Angiolino Giuseppe Pasquale Ventura (14 July 1919 – 22 October 1987), known as Lino Ventura, was an Italian actor who grew up in France and starred in many French films. Born in Italy, he was raised in Paris by his mother. After a first career as a professional wrestler was ended by injury, he was offered a part as a gang boss in the Jacques Becker film Touchez pas au grisbi (1954) and rapidly became one of France's favourite film actors, playing opposite many other great stars and working with such leading directors as Louis Malle, Claude Sautet, and Claude Miller.
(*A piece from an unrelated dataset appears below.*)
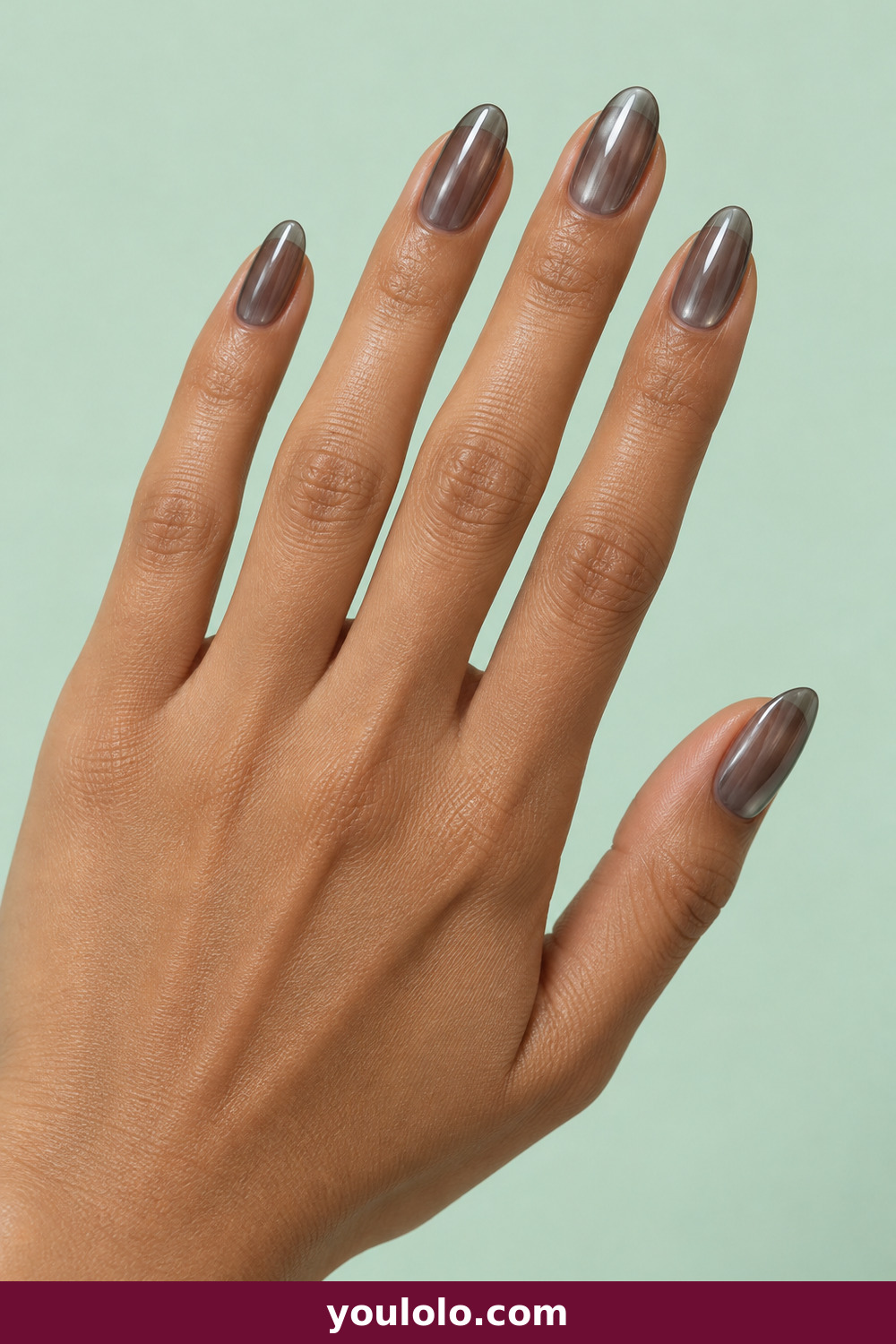 Grey Nails idea 17: Gunmetal Glass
Usually portraying a tough man, either a criminal or a cop, he also featured as a leader of the Resistance in the Jean-Pierre Melville directed Army of Shadows (L'armée des ombres, 1969). After one of his four children, a daughter, was born handicapped, he and his wife founded a charity  Perce-Neige (Snowdrop) which aids disabled children and their parents. He was voted 23rd in a poll for the 100 greatest Frenchmen.

Life and career

Early life
Born in Parma, Emilia-Romagna, Italy to Giovanni Ventura and Luisa Borrini, who moved to France soon thereafter, Lino dropped out of school at the age of eight and later took on a variety of jobs. At one point Ventura was pursuing a prizefighting and professional wrestling career but had to end it because of an injury.

Early roles
In 1953, by chance, one of his friends mentioned him to Jacques Becker who was looking for an Italian actor to play opposite Jean Gabin in a gangster movie called Touchez pas au grisbi (1954). Becker offered him on the spot the role of Angelo, which Ventura refused at first but then accepted. He had such a presence in the film that the whole profession took notice. The film was a big success.
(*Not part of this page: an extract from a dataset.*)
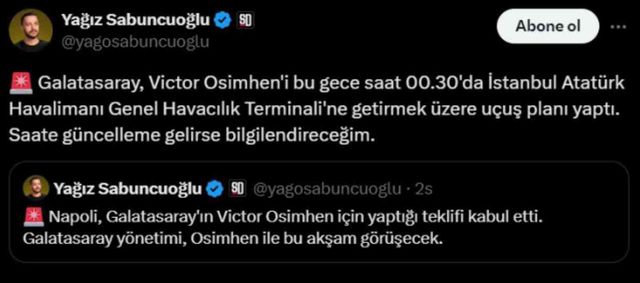 Osimhen uçak takibi kodu nedir? Galatasaray, Victor Osimhen'i kadrosuna kattı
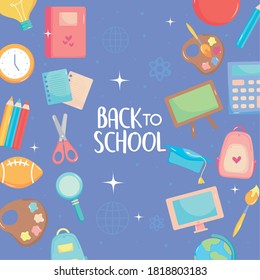 back to school design with cute related icons around over purple background, vector illustration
Ventura started to build up an acting career in similar hard-boiled gangster films, often playing beside his friend Jean Gabin, including his second film, Razzia sur la chnouf (1955).

He followed it with Law of the Streets (1956), Crime and Punishment (1956) with Gabin.

Later career

Some of his most famous roles include the portrait of corrupt police chief Tiger Brown in The Threepenny Opera (1963) and mob boss Vito Genovese in The Valachi Papers (1972).

Although he remained an Italian citizen throughout his life and long used to seeing himself dubbed into Italian from the original French release, he only made a handful of films in his native language, among them The Last Judgement (Il giudizio universale, 1961), Illustrious Corpses (Cadaveri eccellenti, 1976) and Cento Giorni a Palermo (1983).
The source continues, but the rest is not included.